Statement made on 05 May 2022 at 9:35am

CATCHWORDS
MIGRATION –Temporary Skill Shortage (Class GK) visa – Subclass 482– Cook – the business is a limited-service restaurant – applicant is not the subject of an approved nomination – nominated occupation of cook is not applicable to this nominated position – nomination application associated with the position was not approved – nominated occupation of cook held by the nominee does not correspond to the occupation of cook – decision under review affirmed

LEGISLATION
Migration Act 1958, s 65
Migration Regulations 1994, r 2.72, Schedule 2, cl 482.212

STATEMENT OF DECISION AND REASONS

APPLICATION FOR REVIEW

  1. This is an application for review of a decision made by a delegate of the Minister for Home Affairs on 4 March 2019 to refuse to grant the visa applicant a Temporary Skill Shortage (Class GK) visa under s 65 of the Migration Act 1958 (Cth) (the Act).

  2. The applicant applied for the visa on 16 November 2018. At that time, Class GK contained one subclass: Subclass 482 (Temporary Skill Shortage). The criteria for a Subclass 482 visa are set out in Part 482 of Schedule 2 to the Migration Regulations 1994 (Cth) (the Regulations). Applicants seeking to satisfy the primary criteria for the visa must meet the ‘Common criteria’ and the criteria of one of three alternative streams: the Short-term stream, the Medium-term stream, or the Labour Agreement stream. Other members of the family unit, if any, who are applicants for the visa need only satisfy the secondary criteria.

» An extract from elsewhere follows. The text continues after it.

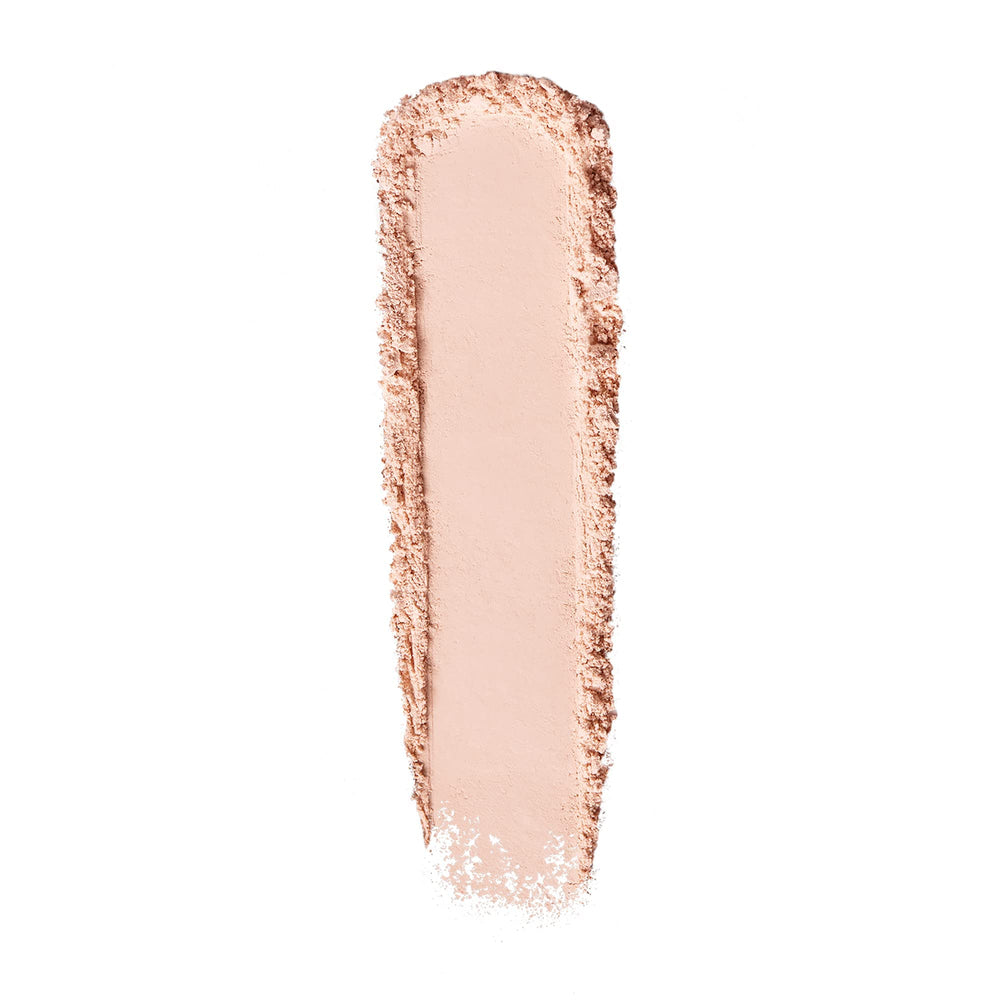 No7 Lift & Luminate: rendu éclatant sur le visage avec une couvrance naturelle.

In this case, the applicant is seeking the visa in the short-term stream to work in the nominated occupation of Cook ANZSCO code 351411.

  3. The delegate in this case refused to grant the visa on the basis that the visa applicant did not satisfy the requirements of cl 482. 212 Of Schedule 2 to the Regulations because the delegate was not satisfied that the applicant is the subject of an approved nomination.

  4. The applicant, Ms Merryanti, appeared before the Tribunal on 19 April 2022 to give evidence and present arguments.

  5. The Tribunal also received oral evidence from the nominator, Chargrill Charlies Wahroonga Pty Ltd.

  6. The applicant was represented in relation to the review.

  7. For the following reasons, the Tribunal has decided that the decision under review should be affirmed.

    CONSIDERATION OF CLAIMS AND EVIDENCE

  8. The issue in this case is whether the applicant is the subject of an approved nomination.

    Requirement for an approved nomination

  9. Clause 482.212(1) requires that the nomination identified in the visa application is approved, was made by a person who was an approved work sponsor at the time of approval, and has not ceased.

  10. The Tribunal has considered all the material before it including evidence provided prior to the hearing and evidence given at the hearing.

  11. The Tribunal notes that it has been provided with a copy of the delegate’s decision record regarding nominator dated 1 February 2019 by the applicant. According to the delegate it made a decision that the nominator was a limited-service restaurant, and therefore was a part of a group of businesses which included a fast food or takeaway food service or fast casual restaurant, and that it was primarily engaged in large takeaway orders and only limited dine in facilities.

  12. The Tribunal notes that it was specifically contended by the delegate that the nominator was defined by the then relevant legislative instrument IMMI 18/048 as providing a nominated position that is involved in mass production in a factory setting and that therefore it is a limited-service restaurant rather than a full-service restaurant. It was further contended that the applicant has outlets in different locations and that each store may operate differently according to its size and requirements and that the location of this business in Wahroonga may have limited dining facilities and is primarily for large take-out orders.

  13. The Tribunal notes that the following material has been provided including financial material including BAS statements and tax returns, a job description and market salary rate, various menus, a record of advertisements, and a record of a job offer, and other material.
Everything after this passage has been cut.